John had been awarded an Honorary Doctorate from University Campus Suffolk (UCS) in 2011 but unfortunately he had been unable to attend the ceremony as it clashed with a site visit he had planned for Mexico at the same time. However, he did collect his doctorate, which is awarded by the Universities of East Anglia and Essex, this year at a ceremony held at the Corn Exchange in Ipswich on 23 October.
The award, bestowed by the Provost and Chief Executive, Professor Mike Saks, was in recognition of John’s career as a life-long naturalist and leader in the conservation movement. As John’s biography describes, he has been instrumental in the development and success of several national and international conservation organisations and has written extensively on natural history and conservation-related subjects. His passions still lie with less emotive species, such as bats and reptiles, and habitats that most people would pay not to visit such as the inhospitable Dry Chaco of Paraguay. This does not mean that he doesn’t work tirelessly with the World Land Trust (WLT) to develop innovative ways of saving all important, but threatened habitats, and their species.
Recently John has returned from a site visit to the Atlantic Rainforest in Misiones Province, Argentina, where he was accompanied by journalist Fran Yeomans.
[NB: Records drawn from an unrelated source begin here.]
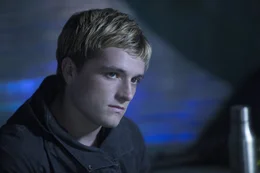 Lange Zeit war Peeta (Josh Hutcherson) im Capitol psychischer Folter ausgesetzt, jetzt glaubt er, dass Katniss immer ein falsches Spiel gespielt und ihn nie geliebt habe. Doch dann kehren nach und nach die Erinnerungen zur&uuml;ck ...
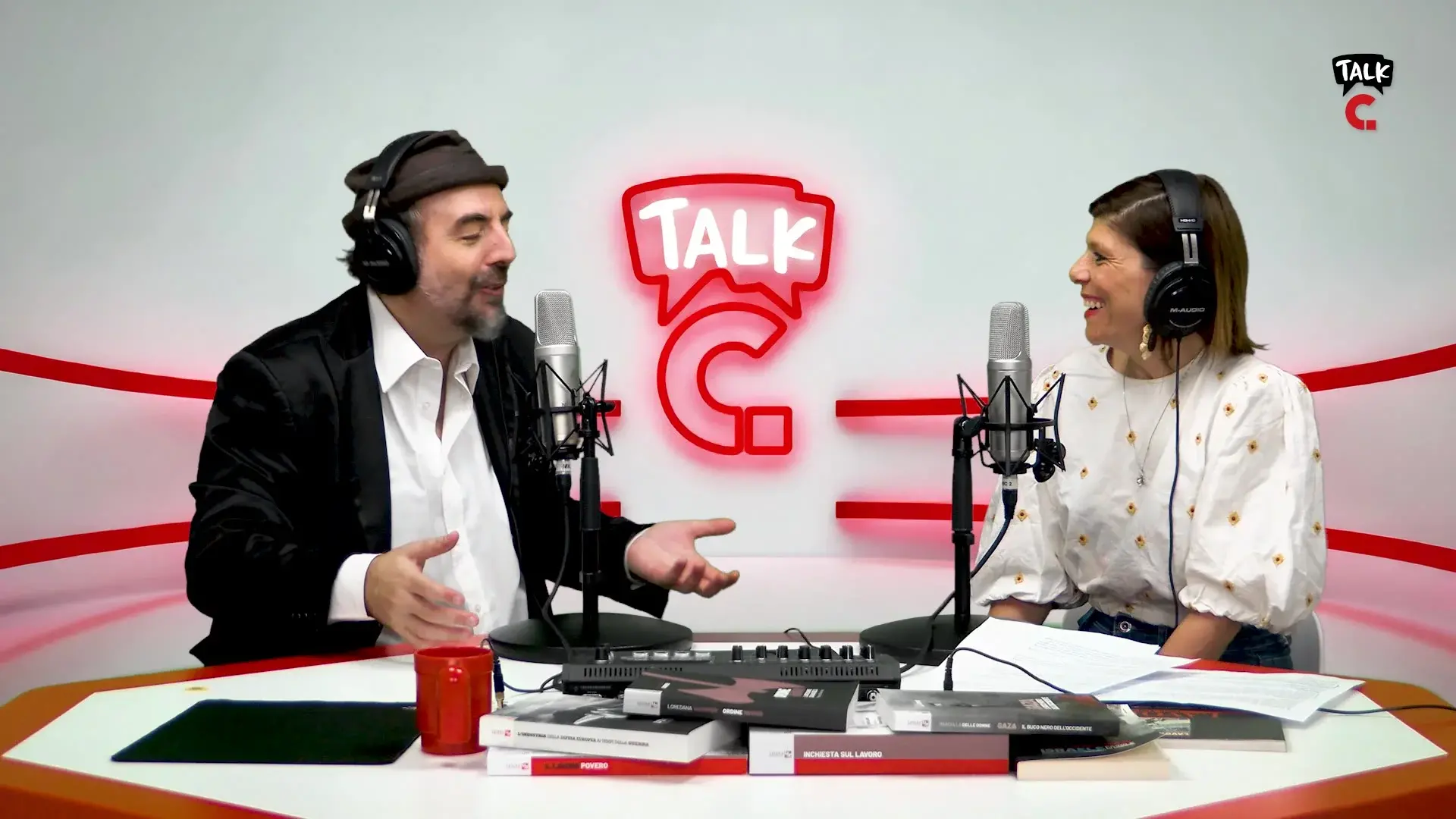 Piji: “Canto l’umano poco umano e la swing politik”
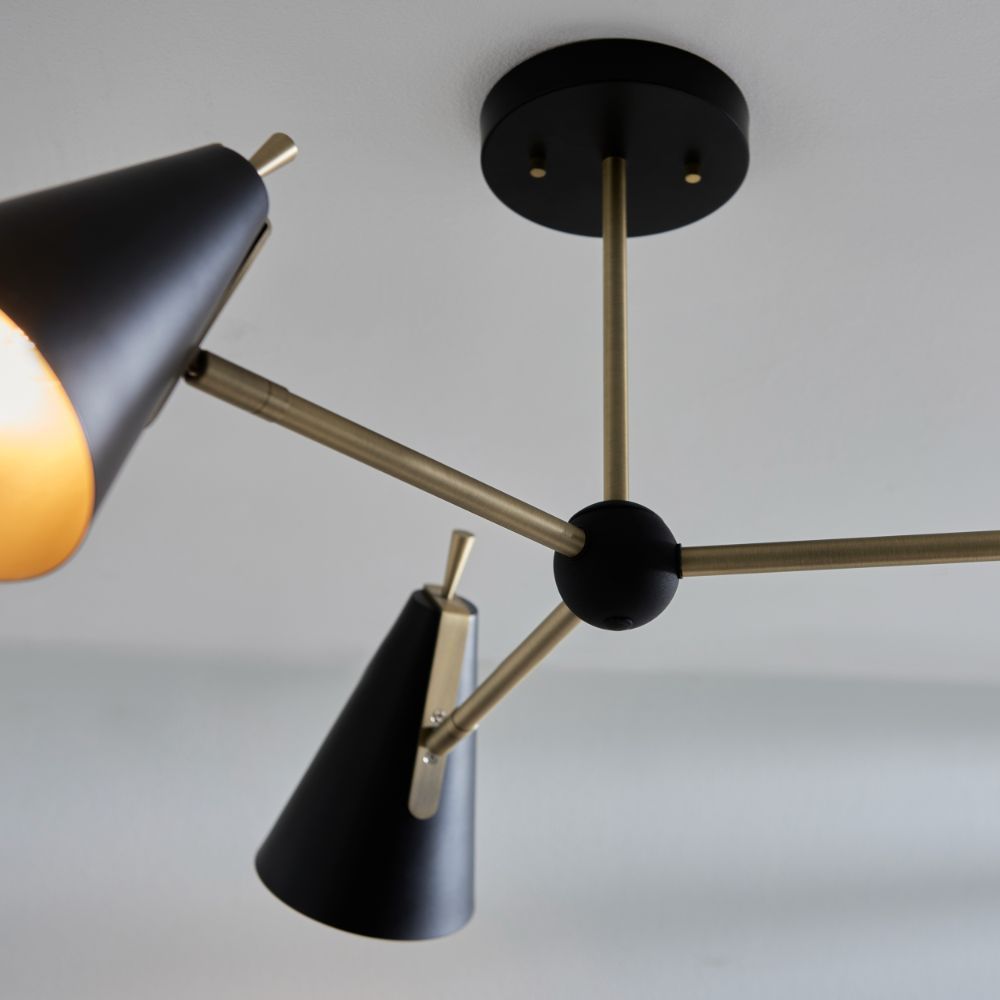 Lampa sufitowa Dazzle w stylu mid-century modern z trzema stożkowymi kloszami w czarno-złotym wykończeniu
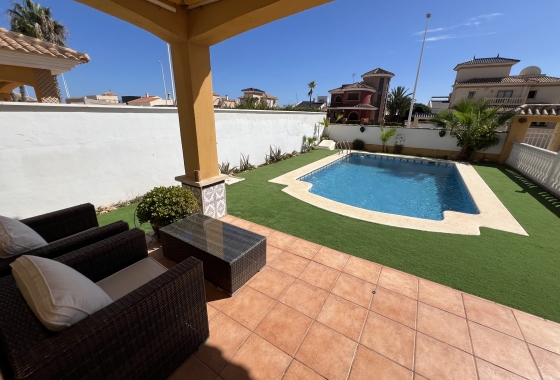 Herverkoop - Villa - Orihuela Costa - Costa Blanca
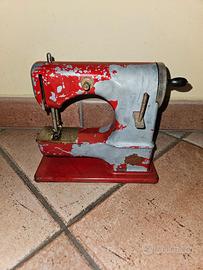 Macchina da cucire giocattolo in ferro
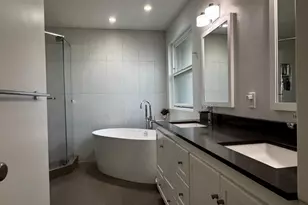 1054 Savannah Dr, San Jose, CA 95117 - Photo 9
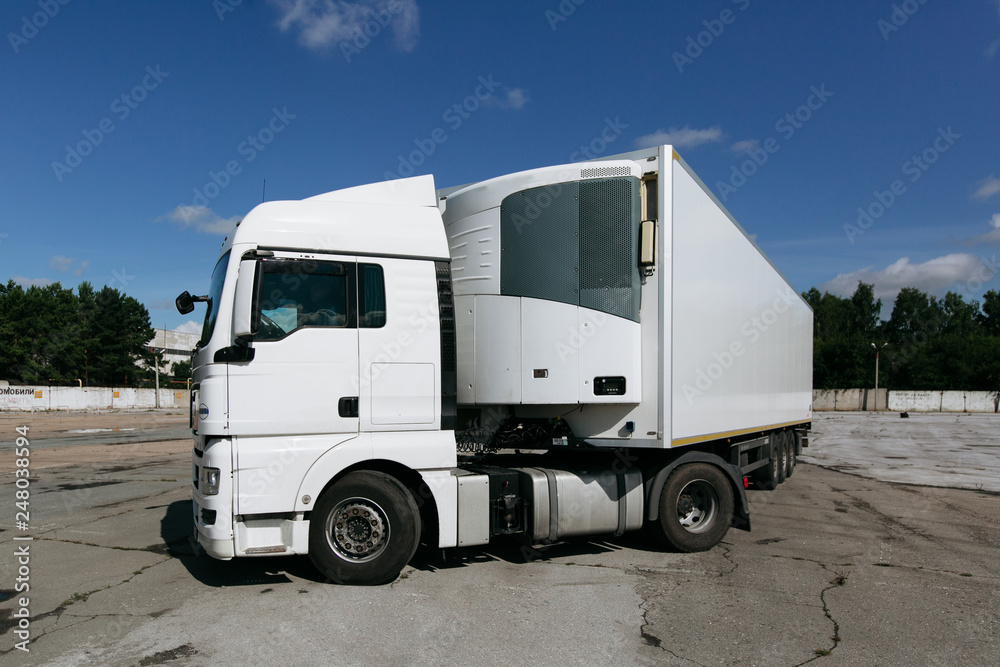 white truck with trailer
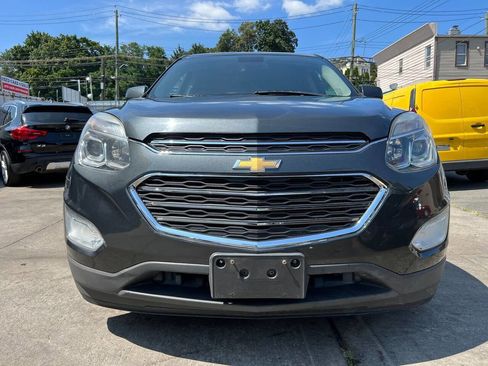 Used 2017 Chevrolet Equinox LT image 2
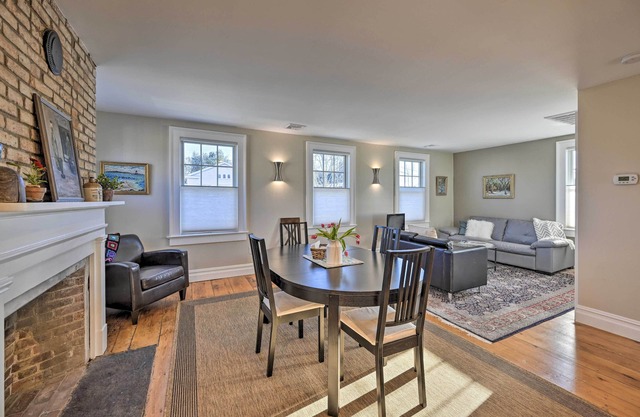 Bright Apartment - 1/2 Mi to Greenport Harbor!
The Independent Magazine published her 5-page story entitled The Mission to Protect Paradise on 20 October. The multi-cultural agreement that was reached during this visit, designed to protect 9,301 acres (3,764 hectares) of Atlantic Rainforest as a protected reserve will be managed by local NGO partners in Argentina in collaboration with the Guarani community. Commenting after the signing of the agreement on 25 September the Argentinian Minister of Ecology, Viviana Rovira, said: “This alliance is unique. I don’t think in the world there is another like us.”
Also receiving an Honorary Doctorate from UCS this year was Simon Barnes, a WLT Council member. Simon is an acclaimed journalist and writer who is as passionate about wildlife as John. As a journalist for The Times he has won a number of awards and regularly writes about WLT; he has recently returned from a site visit to Borneo to see the work being carried out by WLT project partners to save forests for Orang-utans and other rare species like Pygmy Elephants.